» **PROBLEM REQUIREMENTS**
Set down the final stretch of the data, from the line that holds "Retro Braided Vintage Dress" through the last line, both included, with pictures left out.

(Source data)
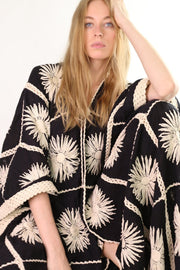 FLORA CROCHET KIMONO - sustainably made MOMO NEW YORK sustainable clothing, crochet slow fashion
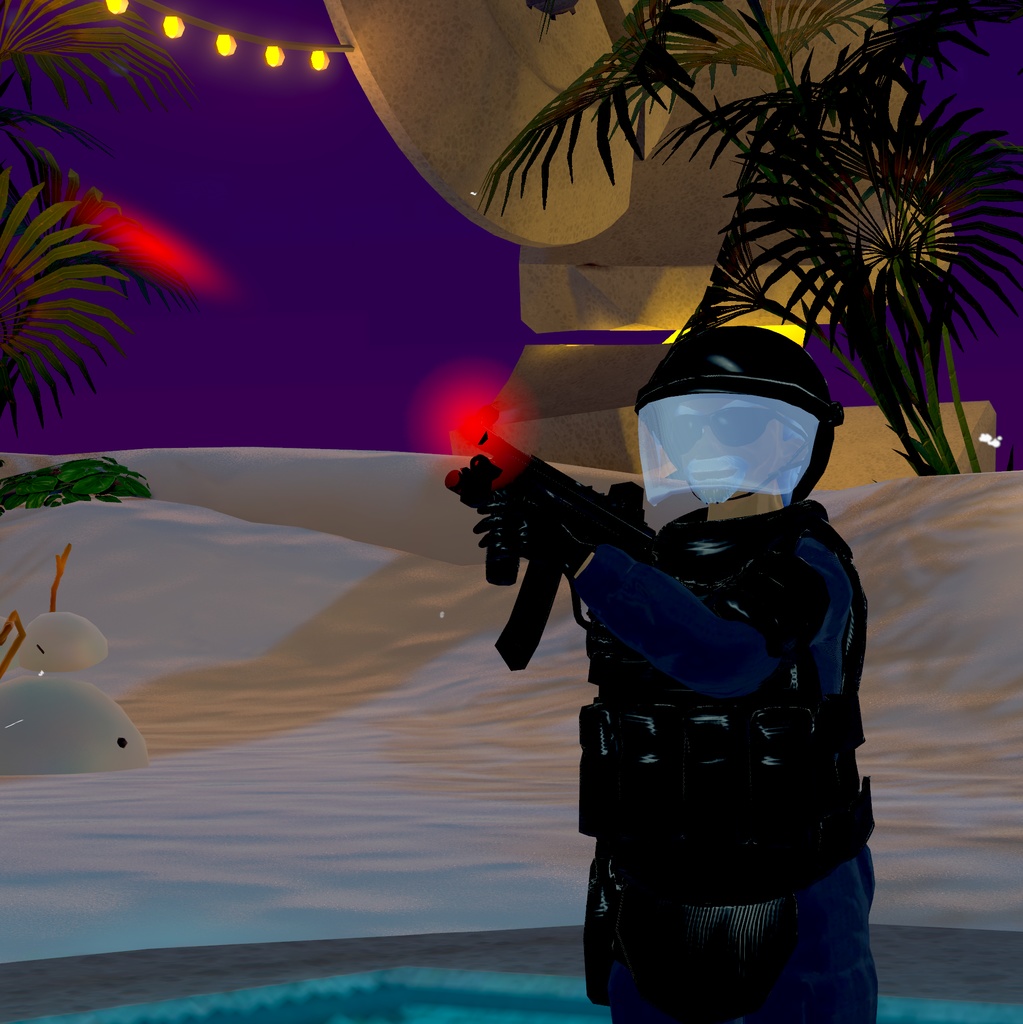 【無料】【オリジナル3Dモデル】『特殊部隊SAT-VRC』【VRchat対応】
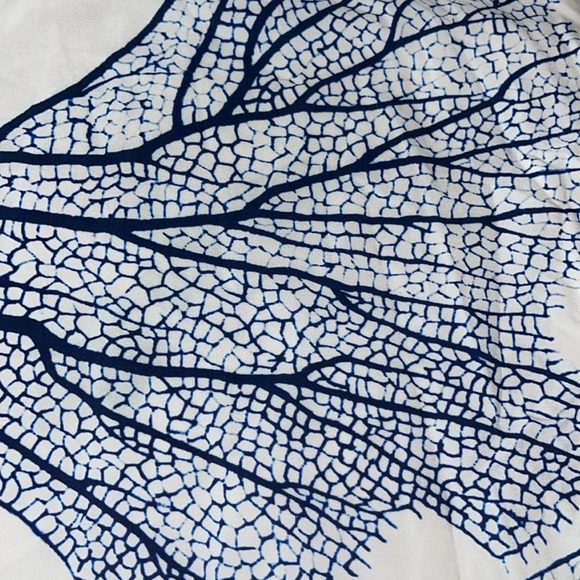 Hutch Blue And White Fan Coral Print Altana 2fer Knit Maxi Dress - Picture 8 of 9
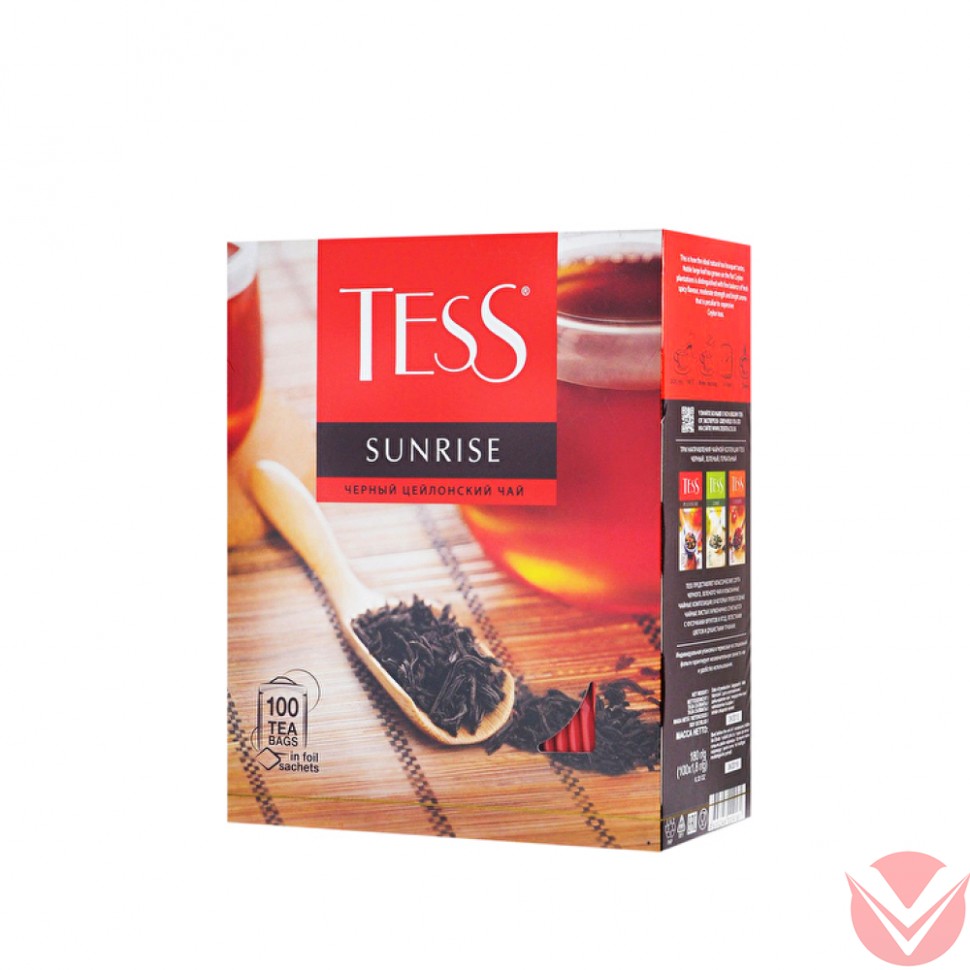 Tess Санрайз черный 100х1,8г фото 1 — Интернет-магазин доставки продуктов и воды ВКУСНЫЙ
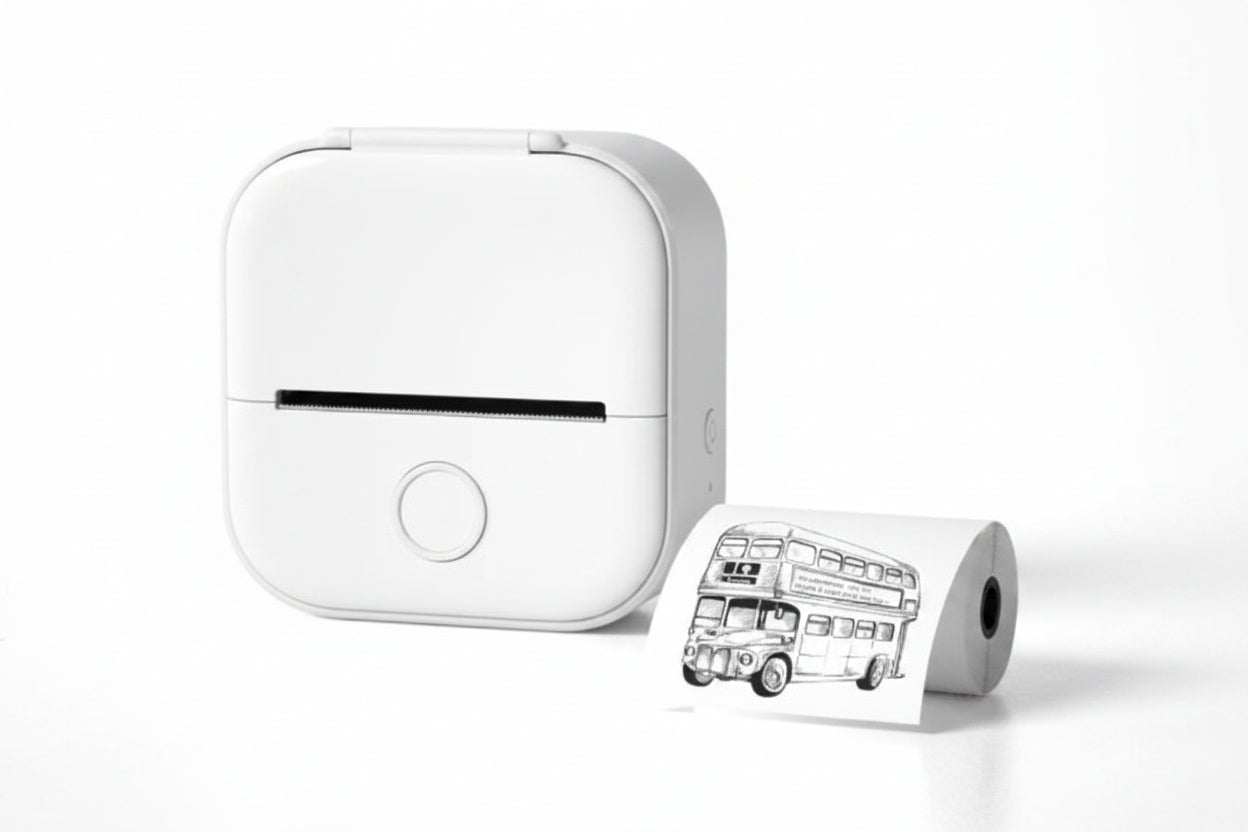 Compact and Versatile Portable Mini Thermal Label Printer - Perfect for Home, School, and Business Needs!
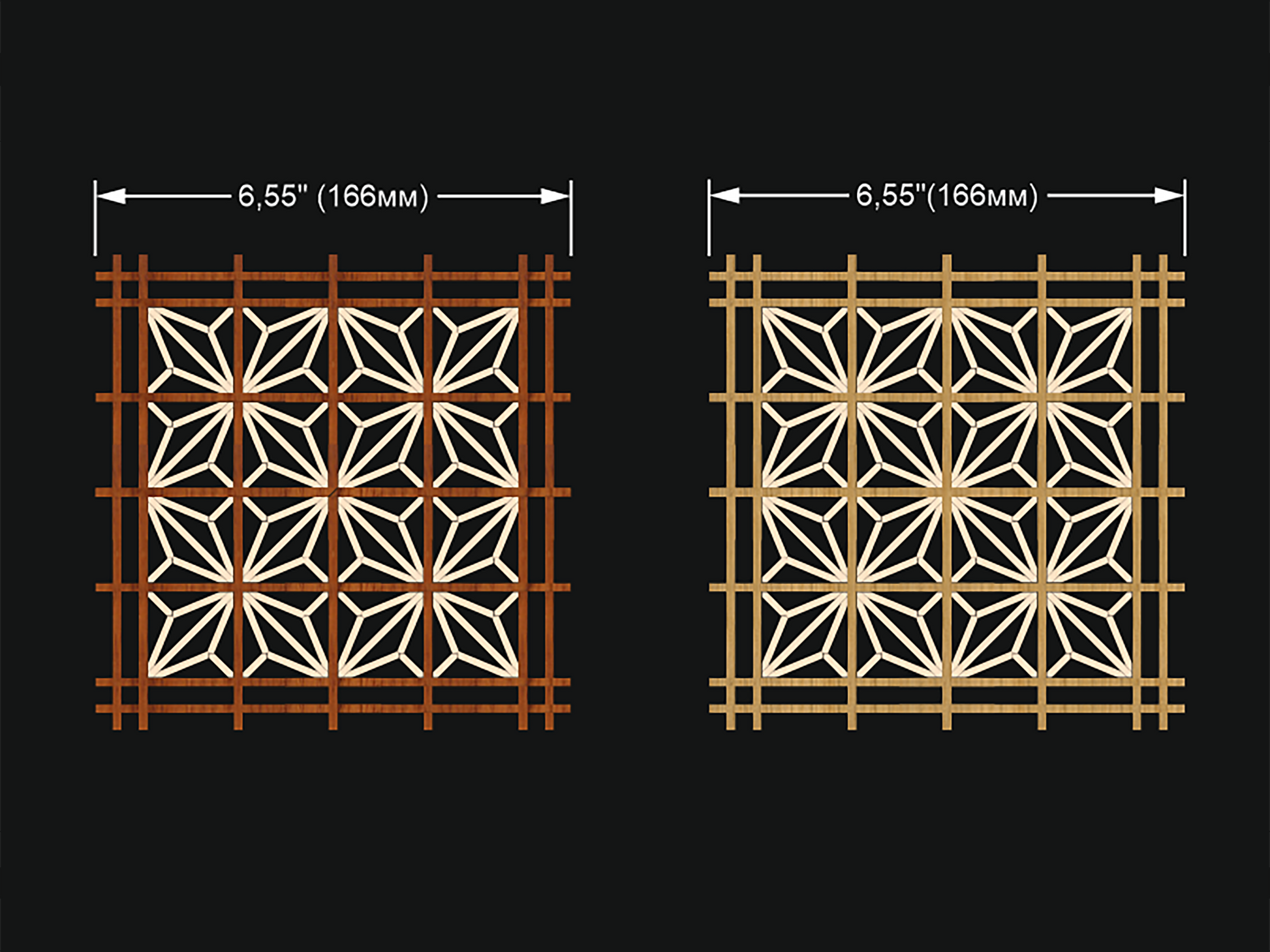 Kumiko kit extended trivet. Asanoha (Kakuasa) pattern. Art Kumiko kit extended trivet. Asanoha (Kakuasa) pattern. Art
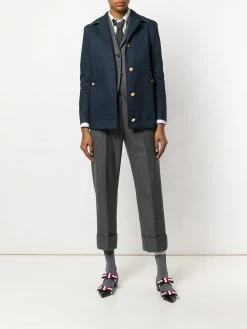 Thom Browne Low-Slung Pleated Mackintosh Overcoat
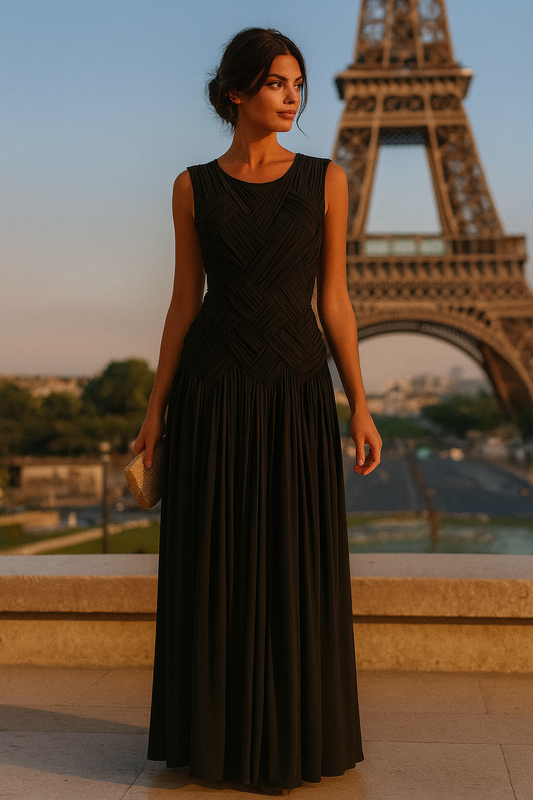 Retro Braided Vintage Dress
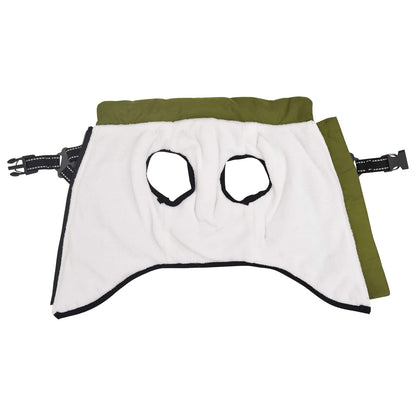 Cappotto per Cani Verde militare L28 Pile e Poliestere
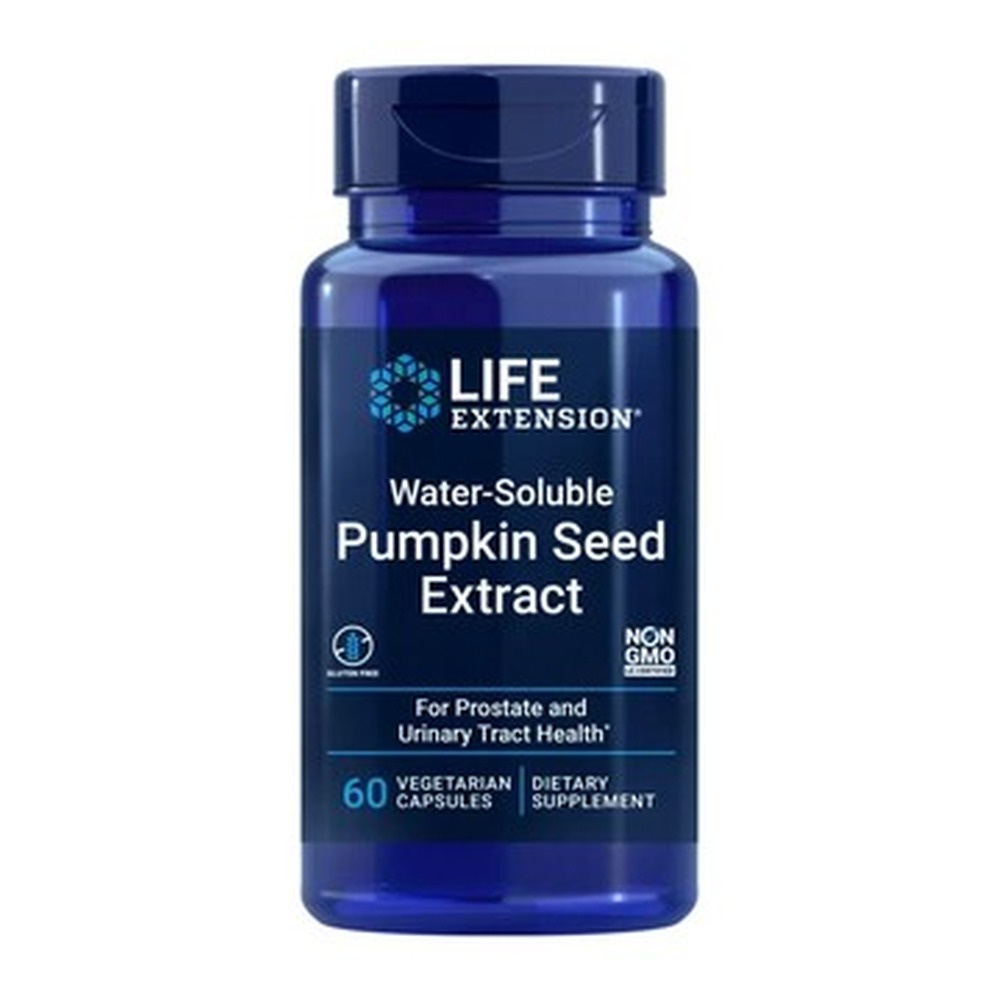 Life Extension Water-Soluble Pumpkin Seed Extract for Bladder Health 60 Vcaps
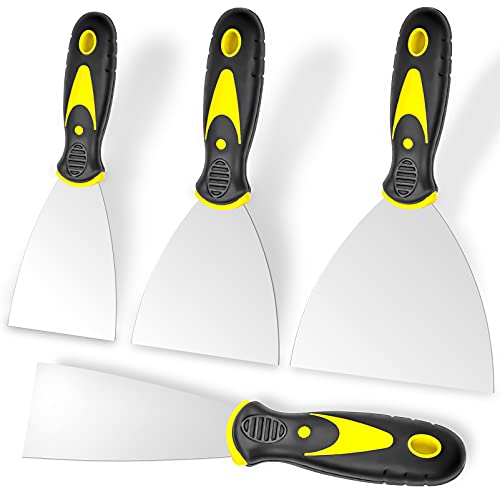 4-Piece Stainless Steel Putty Knife Set for Drywall and Home Repairs thumbnail 3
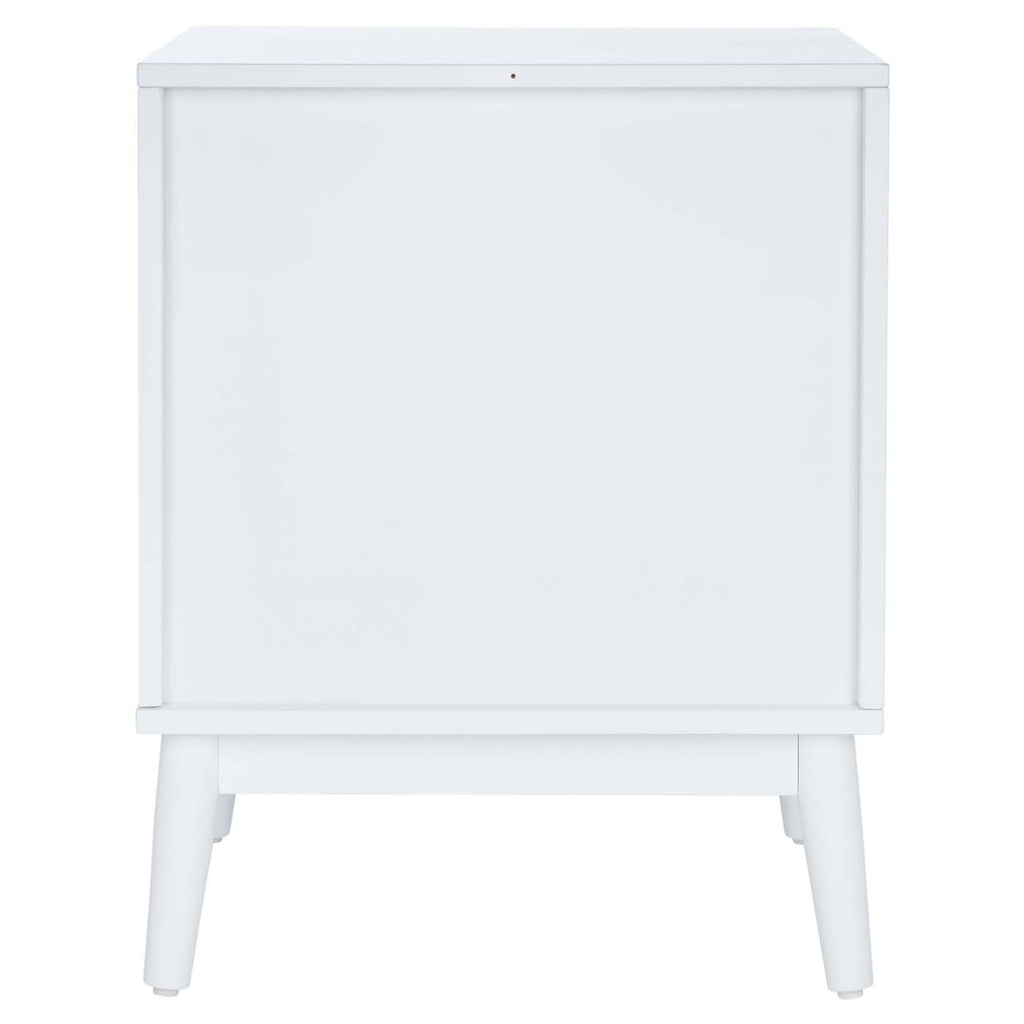 Safavieh Tay 2Drawer Patterned Night Stand - White Washed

» **RESPONSE TO THE EXERCISE**
 Retro Braided Vintage Dress
 Cappotto per Cani Verde militare L28 Pile e Poliestere
 Life Extension Water-Soluble Pumpkin Seed Extract for Bladder Health 60 Vcaps
 4-Piece Stainless Steel Putty Knife Set for Drywall and Home Repairs thumbnail 3
 Safavieh Tay 2Drawer Patterned Night Stand - White Washed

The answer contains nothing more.